Experts envisage new business models with investment opportunities in the housing market
Some international investment funds that have been entering the Spanish market over the last year and a half have also chosen to purchase residential property to lease, e.g. Blackstone that acquired 1,860 homes to rent in the Municipal Housing and Land Company of Madrid, or Azora and Goldman Sachs, who bought 2,935 homes from the Housing Institute of the Community of Madrid (Ivima). However, most have opted to implement this strategy in the tertiary sector.
“The prospects for rent growth are somewhat feeble, while still observing an upward trend in prime-location office rents” highlights a recent report from the real estate consulting firm Knight Frank, pointing to Madrid as one of the rising markets with returns ranging from 5.5% to 8% depending on the type of asset.

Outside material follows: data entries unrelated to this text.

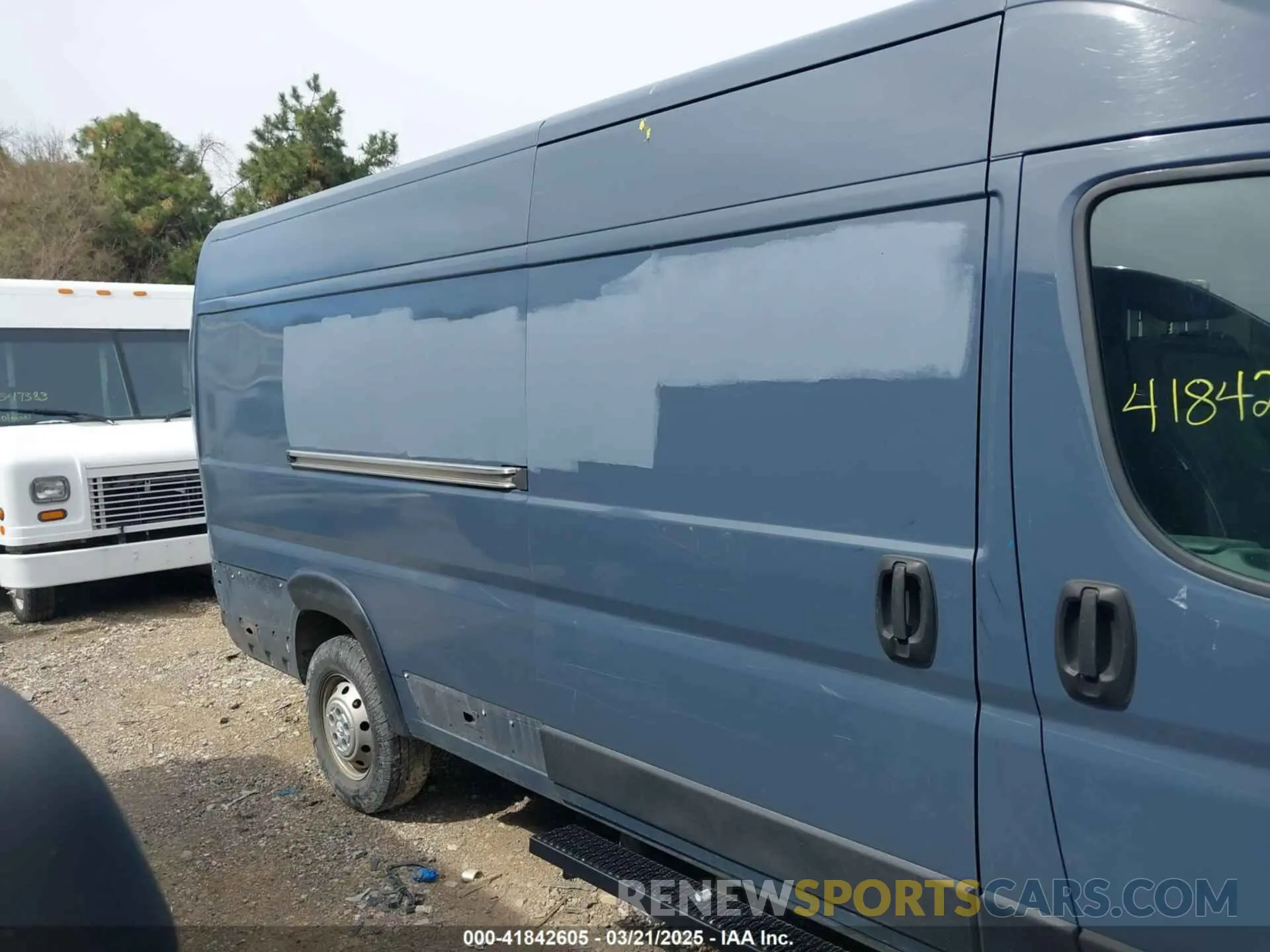 13 Photograph of a damaged car 3C6URVJG4KE545250 RAM PROMASTER 3500 2019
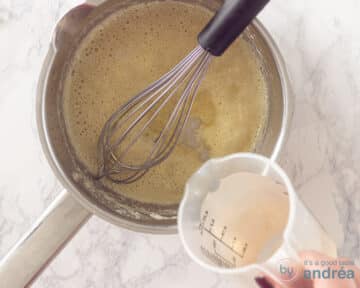 Aan een roux wordt water toegevoegd.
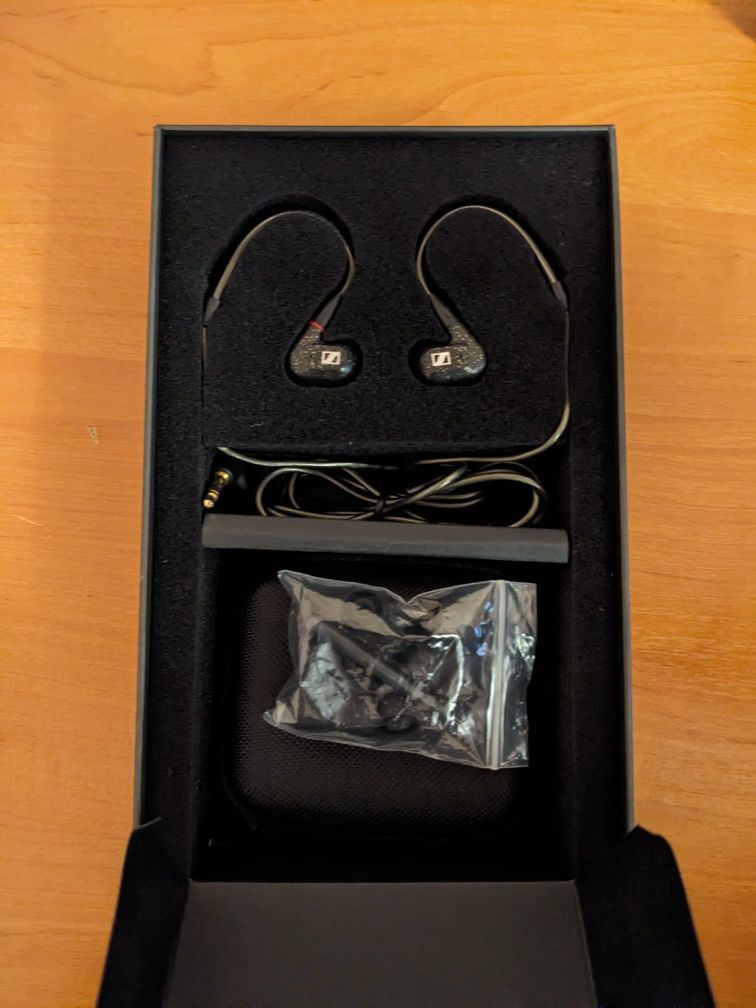 Навушники Sennheiser IE 300, з Китаю.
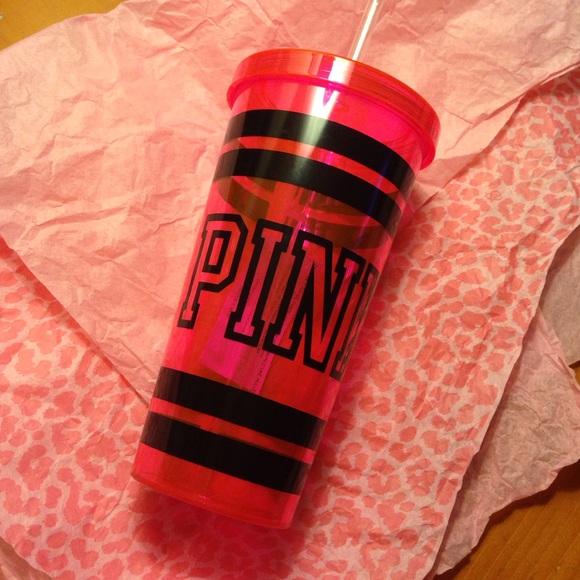 Pink Tumbler 💦💕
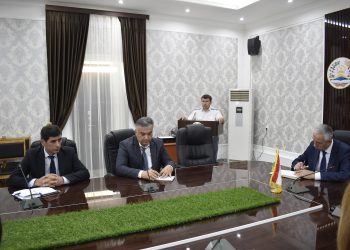 Барои пешгирии амалҳои коррупсионӣ бо кормандони Хадамоти муҳоҷират вохӯрӣ доир гардид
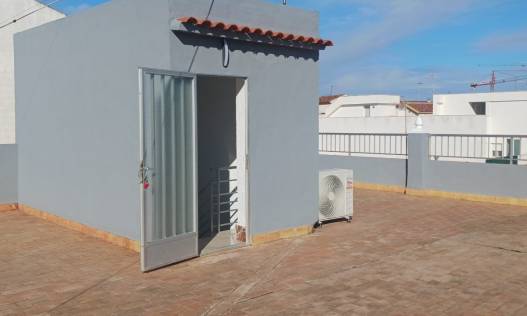 Bestaand - Townhouse / Semi-detached - San Pedro del Pinatar - Los Antolinos
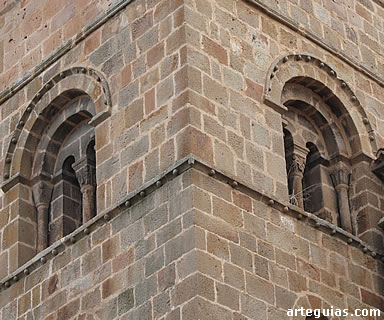 Ventanales del campanario de la iglesia de San Miguel de &Aacute;greda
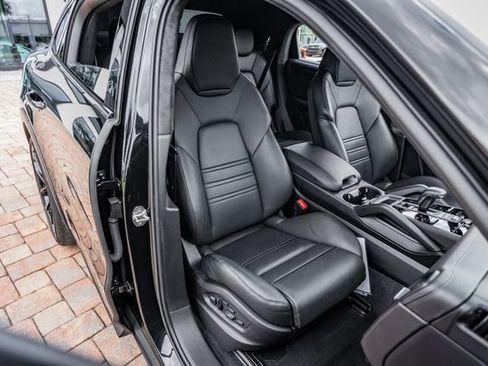 Used 2023 Porsche Cayenne Turbo GT AWD/4WD image 35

This market, however, is not off-limits for the small investor. Despite the stagnant results being seen throughout the first quarter, a handful of investment companies in the real estate market, the so-called REITs, have begun trading during this year. These investment vehicles, which spend 80% of their resources on investing in rental property, are exempt from taxes and their shareholders are only taxed on the dividends they earn.

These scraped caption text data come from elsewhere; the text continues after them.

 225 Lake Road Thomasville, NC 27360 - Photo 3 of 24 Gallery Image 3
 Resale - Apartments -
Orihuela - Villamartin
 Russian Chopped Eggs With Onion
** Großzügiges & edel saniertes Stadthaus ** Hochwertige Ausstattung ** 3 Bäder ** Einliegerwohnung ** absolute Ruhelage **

“Their main targets are prime-location offices and shopping centers, although renting houses and hotels is also on their business plans,” states the latest UBS outlook report, noting that at its base scenario, “The annual return for investors will be in a range between 7% and 10% over a three to four years timeframe, a competitive return even compared to the broad Spanish equity market.”
In terms of prices, Swiss bank experts point out that the price of housing in Spain has fallen between 30% and 40% from its previous highs, a decline despite which “the price of houses in Spain is not cheap”.
In light of this development, they expect further reductions of between 1% to 3% in the coming year and price stagnation in subsequent years. Given this situation, on the whole, UBS notes that it sees no investment opportunity in the Spanish residential sector except the rental market.
Thus investment in housing in the wait of a strong appreciation in the medium term is what all consulted experts dismiss at any rate. With that in mind, real estate transactions are still associated with obtaining a mortgage loan for individuals without large financial resources.
Obtaining a mortgage is a path paved with requirements due to a persistent credit crunch but it is beginning to pick up on the bank windows with deals nearing Euribor plus 1.5% variable interest, and a close entanglement with the bank. The conditions are often particularly advantageous on still strong housing properties, appropriated by banks and SAREB and appearing on their balance sheets. A possible opportunity for those who decide to take advantage of the construction sector recovery in the new year.